1) Yes, this is a problem. I don’t have a good general solution, but as a working first step:
Step 0: enumerate all parameterless function calls within the code of U. Call them A_i, for i=1..N.
[ETA: I assume the code is in a pure functional language here. Haskell rules! :)]
2) Computation resource limits can be added. Let’s say L1 for step 1 (proving A_i() == A()), and L2 for step 3 (finding the action). Then, the system would use, say, L1/N for each of the A_i-s (if a proof is found sooner, other proofs can use more resources, or the system may just loop aimlessly if for some reason all resources must be spent).
For the step 3, proofs are not actually needed. If L2 is sufficiently large, UX(“return p”) can be simply evaluated for all p.
Your proposal seems to be equivalent to something I proposed a while ago: have A try to find a function U’ such that U() is provably equal to U’(A()), then return argmax(U’). By itself this doesn’t even solve Newcomb’s problem (never mind ASP), because there are many possible U’ satisfying the above condition, and no easy way to guarantee that the right one will be found first. There could be nasty Loebian traps. For example, if your order of proof enumeration is unlucky enough, you could find U’=”return 1000″ with no dependence on A at all, then two-box and make that equation true.
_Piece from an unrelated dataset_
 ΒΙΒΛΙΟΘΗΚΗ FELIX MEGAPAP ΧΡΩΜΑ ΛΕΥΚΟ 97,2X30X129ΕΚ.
You mean, the U’, for which U’(A()) is provably equal to U() depends on the order in which you enumerate U’-s? Hmm, counterintuitive, but it makes sense… A() with a different order would be a different A(), so it would produce a different U’...
Just as a wild shot, what would happen if you try every possible ordering of U’-s and then choose the ordering that produces the best result? Let’s say there is a maximal length for U’ that you are willing to consider, and you have a loop iterating over all possible orderings of U’-s of up to that length. In each iteration of the loop you try to prove things in the specific order, find the argmax, store it, restore the proof system back to its initial state, and go to the next iteration. When everything finishes, use the best found ordering.
I expect, the results will now depend on the order in which the orderings are considered...
[EDIT: Yes, this is stupid. Please disregard]
I wonder if reflection on your own inference system could make things like this go away...
That would be cool. How?
You need to find a simple U’, such that you can construct its argmax. The wrong/useless U’ are just those you can’t compute argmax of (except for the cases like one you point out, which is the same problem for normal ADT, losing control over U). U’ is what I called “utility function” (inferred from definition of utility value U) in this post. Finding moral arguments [A=A1 ⇒ U=U1] is specifically a method for inferring a utility function, but the goal is to find argmax-able U’ (dependence of utility value on your decision).
Is free will inconsistent with knowing the answer after? For example, if you choose to two box, and I watch you, I will know you chose to two box. Does this violate your free will? If not, why should it matter when I’m standing while I know this?
Your knowledge about my decision, before or after, is not relevant to “free will” as I mean it here. Free will exists in my mind. It is my lack of knowledge, before the decision, of what my decision will be.
If I can prove that I will decide X before actually deciding X, then I don’t have free will in this sense.